Aberystwyth was a great place for a connoisseur of irony. The most underworked man in town was Meirion, the crime reporter on the Gazette: he worked fewer hours in a year than Father Christmas. Not because of a lack of material. There was enough going on to keep an entire department on overtime, but the money that owned the newspaper also owned the seafront hotels and the ghost train and the putting green and various other bits of tourist infrastructure. To read the Gazette you'd think we were a town full of Tibetan monks. We were sitting now on the terrace of the Seaside Rock Cafe, overlooking the crazy golf course.
'So far there have been three dead schoolchildren,' he said sucking thoughtfully on a stick of Blackpool humbug. 'All in the same class at school. Bronzini, Llewellyn and Brainbocs; and Evans the Boot is still missing.'
The waitress appeared and I ordered the assiette.
'It's all being kept under wraps of course. And you didn't hear any of this from me.'
'So how did they die?'
He took the rock out of his mouth. 'Brainbocs fell into one of the slurry vats at the cheese yards. Bronzini and Llewellyn were both given "squirty flowers".'
'Cobra venom?'
'Some sort of neurotoxin.'
I whistled. It was an old trick. Send a kid one of those squirt-water-in-your-eye flowers from the joke shop and fill it with cobra venom.
'Any idea who's doing it?'
'Hard to tell. Three of the kids were all of a bunch. Llewellyn, Bronzini, Evans the Boot were all hooligans. And we know there was no love lost between them and some of those South Aberystwyth gangs — posses or whatever it is they call themselves these days. But Brainbocs doesn't fit in. This kid was a child prodigy. The Cambrian Mozart they called him. Brilliant at history and just about everything else he turned his hand to. He spent last summer transcribing Proust's A la recherche du temps perdu into runes.'
I gasped. 'Wow! I couldn't even manage the cat sat on the mat!'
'Normally Brainbocs wouldn't go near kids like that, not unless he wanted his head kicked in.'
'So Bronzini and Llewellyn would have had plenty of enemies, and Brainbocs wouldn't say boo to a goose?'
'Just about. Although even Brainbocs had a few enemies.'
'Really?'
'Brainbocs got a Saturday job working at the rock factory — helping out in the R&D unit after hours. He became interested in the great age-old puzzle of rock manufacturing, called De Quincey's Theorem. It's very complicated, but basically it concerns the attempt to change the wording of the letters midway through the rock.
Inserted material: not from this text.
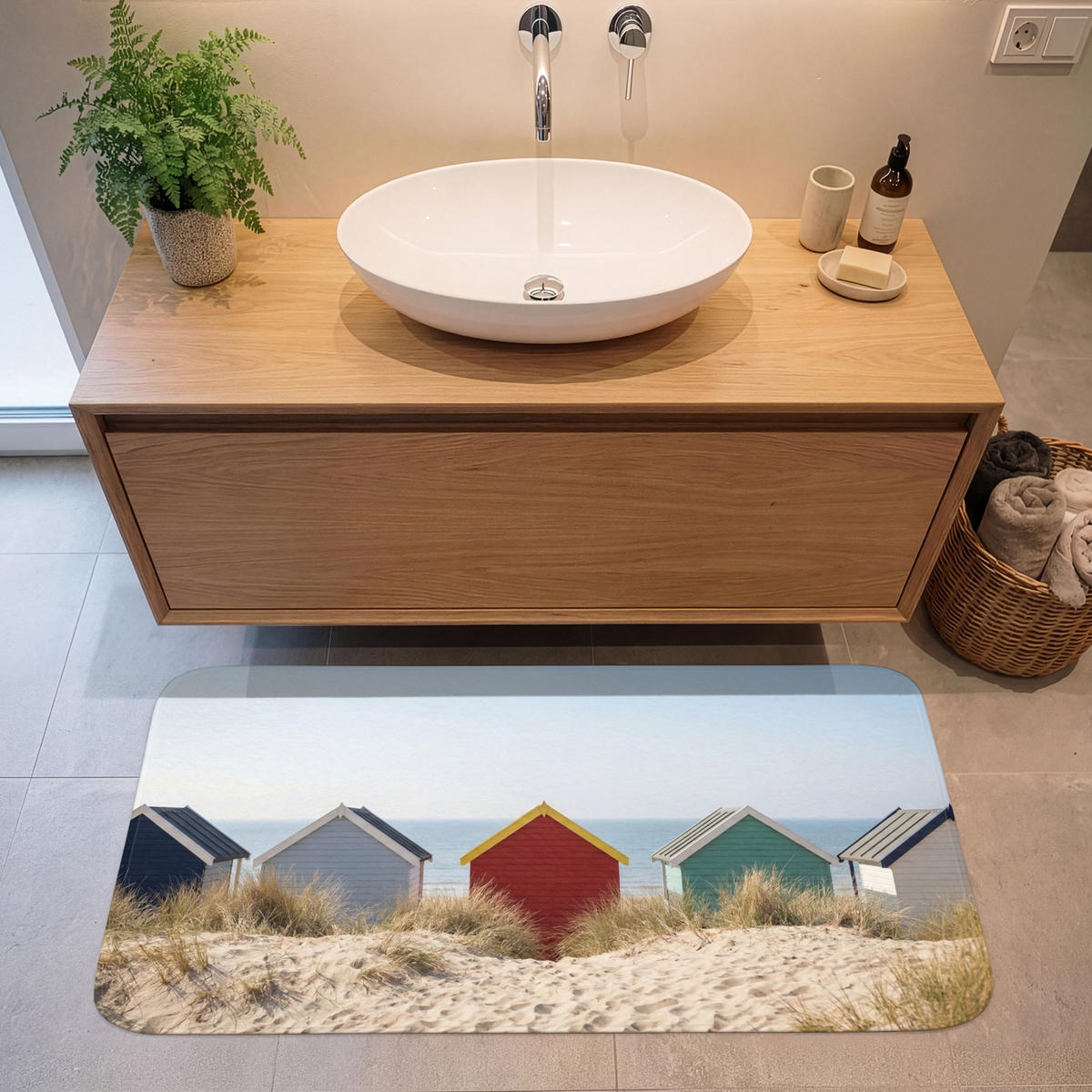 KOUPELNOVÁ PŘEDLOŽKA Pláž - Chaty - Barevné - Duny 120x60 cm - různobarevná, textil/plast (120/60cm) - OnlyWow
You know, so it starts off saying Blackpool and then after a few mouthfuls it says Zanzibar or something. It's one of the last great challenges of the rock-maker's art. And he cracked it. Just like that. Sat down with a pen and paper and a set of log tables and worked it out. So then the management make him head of R&D and within a week — and the kid is still in school, don't forget, hasn't even done his O levels — within a week he'd found a way of computer type-setting the letters. Saved a fortune: twenty old-timers were thrown out of work the same afternoon. Entire factory closes down on strike. The Unions say, "Get rid of the kid, or you'll never make another stick of rock in this town." So they fire the kid. His parting shot was forty cases of rock that said "Aberystwyth" and then after two mouthfuls read: "I've pissed in this rock".'
If you walk south past the Pier and the Bandstand you come to Castle Point where the Promenade turns sharply as if on a hinge. After that the town takes on a different character: an exposed, wind-beaten strip leading down to the harbour with a down-at-heel air where life seems a constant battle with discarded newspapers flying in the wind. The buildings are mostly guesthouses or the sad annexes used by the hotels on the main Prom when they are full. The only people you see are beachcombers and dog-walkers in their flapping macs.